BEGIN DATA SUPPLIED

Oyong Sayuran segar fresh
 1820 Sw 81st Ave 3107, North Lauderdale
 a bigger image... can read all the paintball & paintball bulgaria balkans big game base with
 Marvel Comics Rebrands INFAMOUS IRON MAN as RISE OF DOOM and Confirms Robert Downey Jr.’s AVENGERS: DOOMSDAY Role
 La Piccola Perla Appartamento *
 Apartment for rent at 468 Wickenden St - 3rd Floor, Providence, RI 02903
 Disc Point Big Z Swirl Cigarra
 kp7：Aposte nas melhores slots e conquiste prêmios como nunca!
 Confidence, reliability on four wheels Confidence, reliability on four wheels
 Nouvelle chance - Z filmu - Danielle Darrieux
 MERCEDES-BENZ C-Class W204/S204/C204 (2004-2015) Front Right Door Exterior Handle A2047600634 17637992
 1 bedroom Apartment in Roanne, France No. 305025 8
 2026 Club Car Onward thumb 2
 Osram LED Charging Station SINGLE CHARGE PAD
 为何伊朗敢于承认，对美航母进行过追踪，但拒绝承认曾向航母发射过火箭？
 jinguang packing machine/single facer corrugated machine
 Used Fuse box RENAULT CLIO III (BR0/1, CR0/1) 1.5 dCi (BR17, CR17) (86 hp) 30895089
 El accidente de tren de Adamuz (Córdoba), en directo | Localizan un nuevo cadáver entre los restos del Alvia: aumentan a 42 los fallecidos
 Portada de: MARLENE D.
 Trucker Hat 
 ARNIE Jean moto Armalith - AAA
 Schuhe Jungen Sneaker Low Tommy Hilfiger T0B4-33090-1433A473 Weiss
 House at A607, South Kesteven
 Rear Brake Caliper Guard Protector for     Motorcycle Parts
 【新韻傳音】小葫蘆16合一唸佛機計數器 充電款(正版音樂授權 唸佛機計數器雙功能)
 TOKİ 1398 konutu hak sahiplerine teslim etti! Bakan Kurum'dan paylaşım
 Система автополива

END DATA SUPPLIED

## [TASK DETAILS]
The answer must be one number, the count of lines above that hold the word "Apartment".

## [SOLUTION TO THIS PROBLEM]
2